Introduction: Antrodia camphorata is a Chinese herb. Recently, several reports demonstrated that it had growth-inhibiting effects on some cancer cells. In this study, we investigated whether the crude extract of A. camphorata could inhibit the growth of ovarian cancer cells and examined the possible mechanisms involved. We also examined whether the cytotoxic effect of paclitaxel on ovarian cancer cells would be affected by A. camphorata.
Materials and methods: Two human ovarian cancer cell lines, SKOV-3 and TOV-21G, were treated with A. camphorata (3-300 μg/mL). An MTT assay was used to test its cytotoxic effect. The apoptosis-related factors including the activity of caspase-3, -8, and -9 and the cytochrome c level released from mitochondria were analyzed. The expression of Bcl-2 family proteins (Bcl-2, Bcl-xL, Bax, Bim, Bad, and Bak) was examined by Western blot analysis. Cell lines were further treated with paclitaxel or paclitaxel plus A. camphorata to examine the cytotoxic efficiency.

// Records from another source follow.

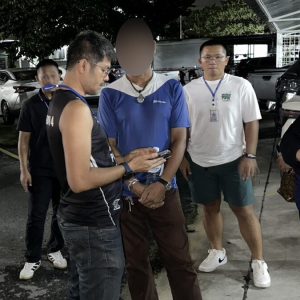 泰国61岁男子涉性侵10岁养女被捕，面对警方否认指控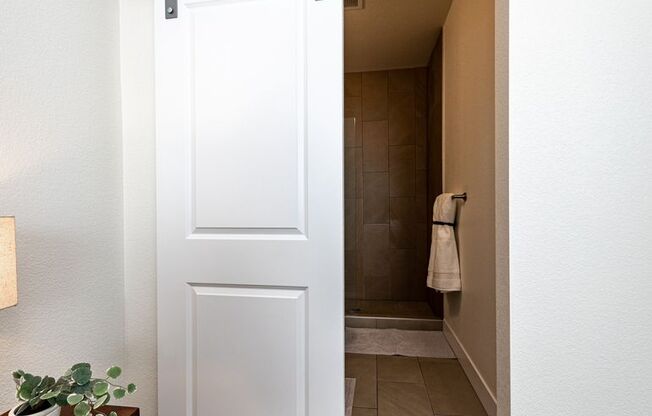 2 beds, 2 baths, 855 sqft, $1,795, Unit 5661 #203 Silverstone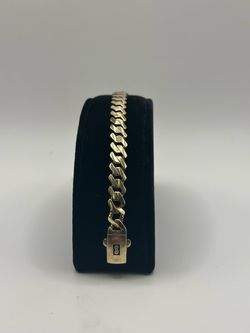 10k Cuban Link  bracelet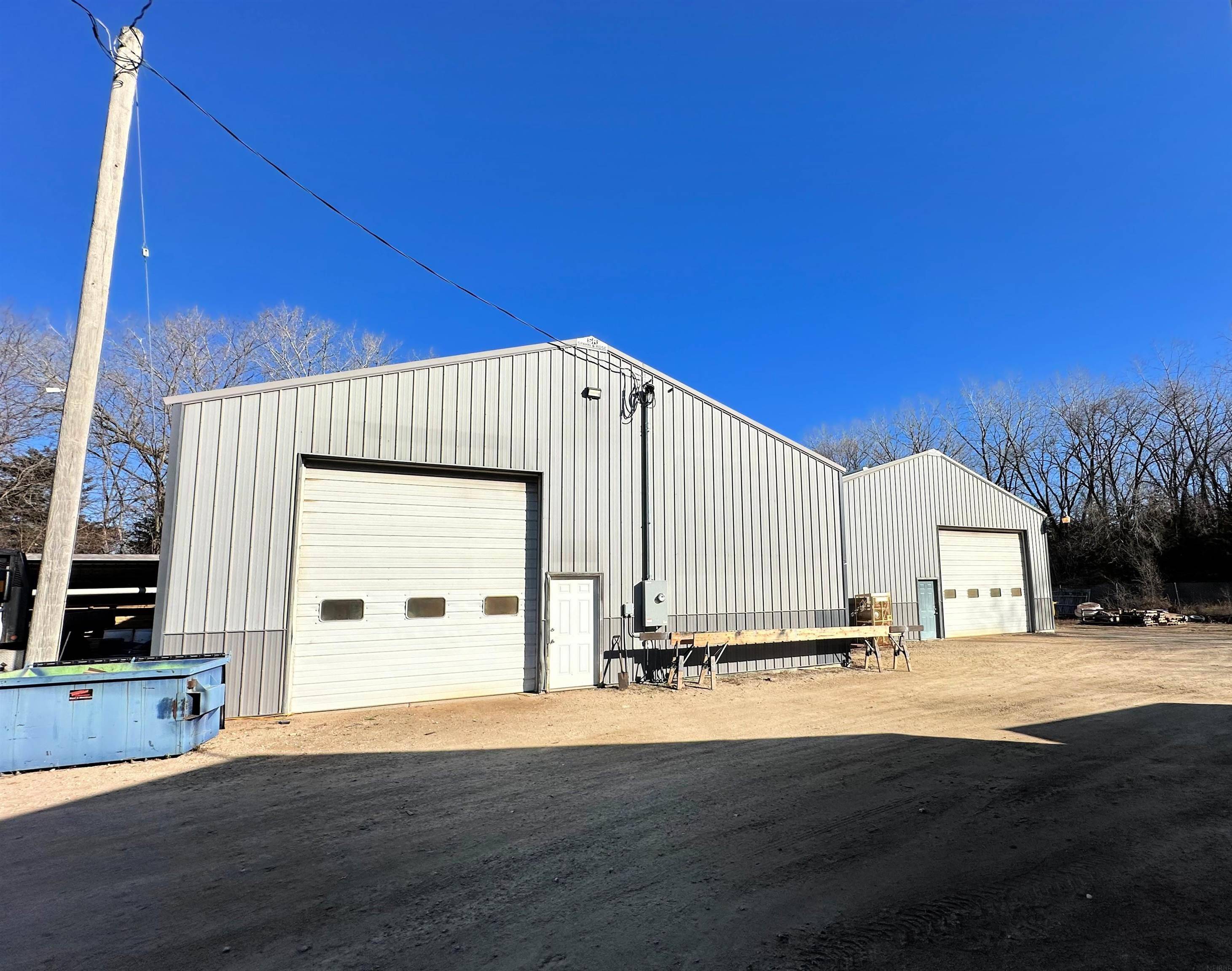 Waterloo, IA 50703,1800 Burton AVE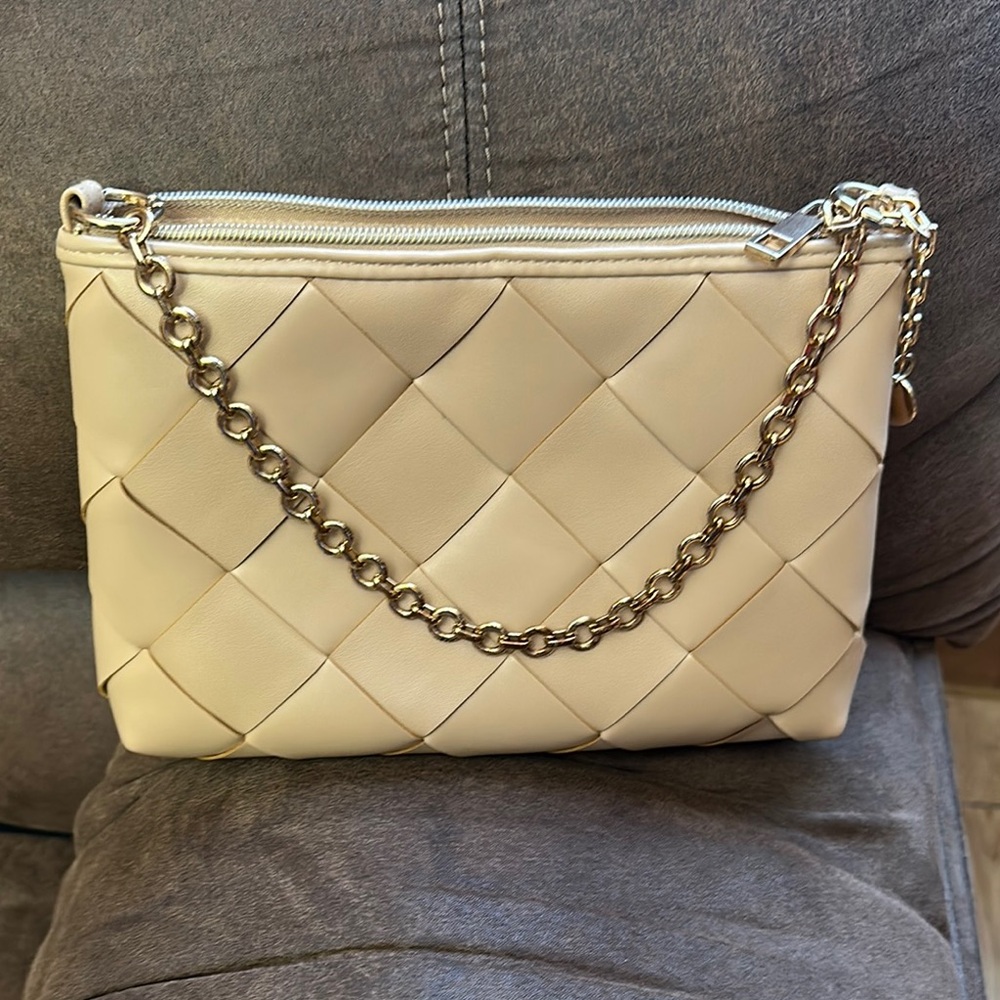 Elegant Cream Woven Chain Bag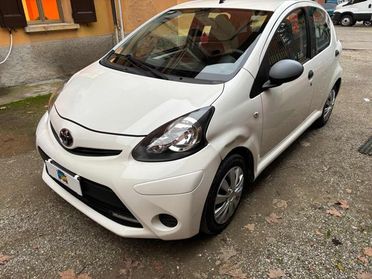 TOYOTA Aygo 1.0 12V VVT-i 5 porte Active Connect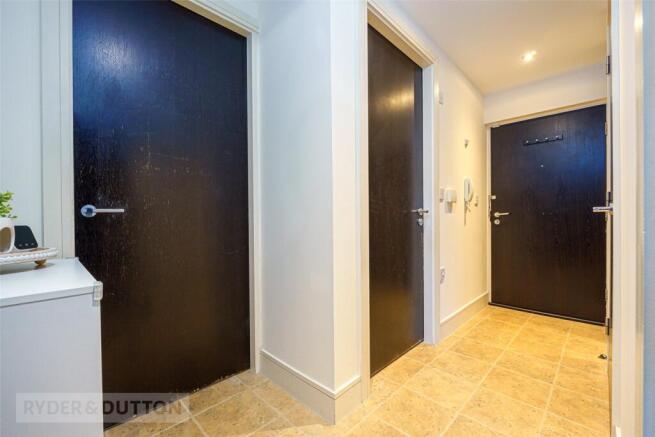 2 bed Apartment for sale Image 7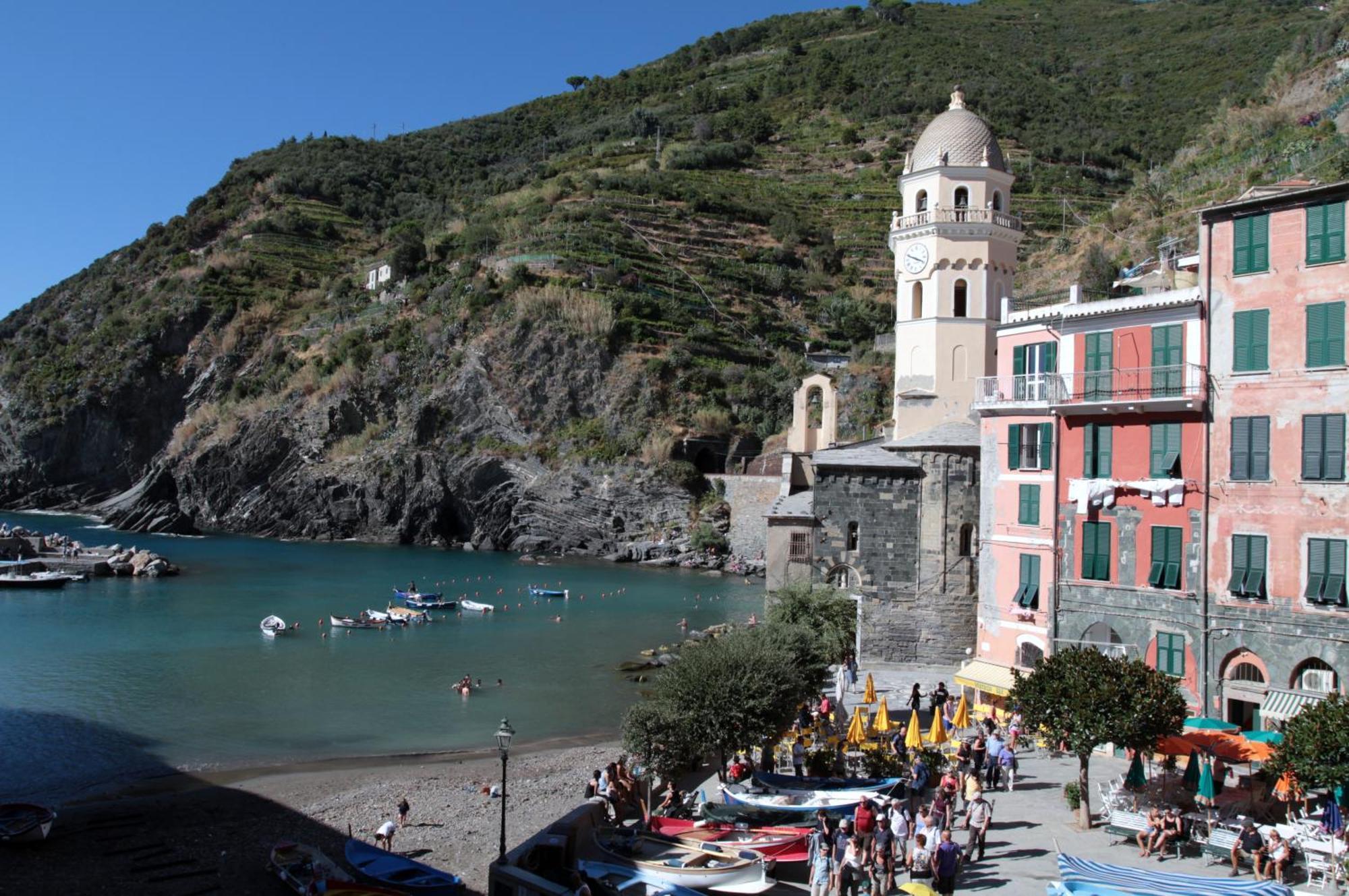 Vernazza Marina Beachfront Apartment Exterior photo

Results: The MTT assay revealed that A. camphorata was cytotoxic to both the ovarian cancer cells in a dose- and time-dependent manner. Activities of caspase-3, -8, and -9 and release of mitochondrial cytochrome c increased in both ovarian cancer cell lines with increased dose of A. camphorata. Western blot analysis of Bcl-2 family proteins revealed an increased expression of Bad in SKOV-3 cells, whereas increased expression of Bim and Bak and decreased expression of Bcl-xL were noted in TOV-21G cells. In addition, the cytotoxic effect of paclitaxel on SKOV-3 and TOV-21G cells was increased significantly with the addition of A. camphorata (P < 0.01) by MTT assay.
Conclusions: These in vitro results suggest that A. camphorata causes a cytotoxic effect on ovarian cancer cells through the induction of apoptosis. It may also enhance the antitumor effect of paclitaxel. Further studies with the ultimate goal of conducting clinical trials are warranted.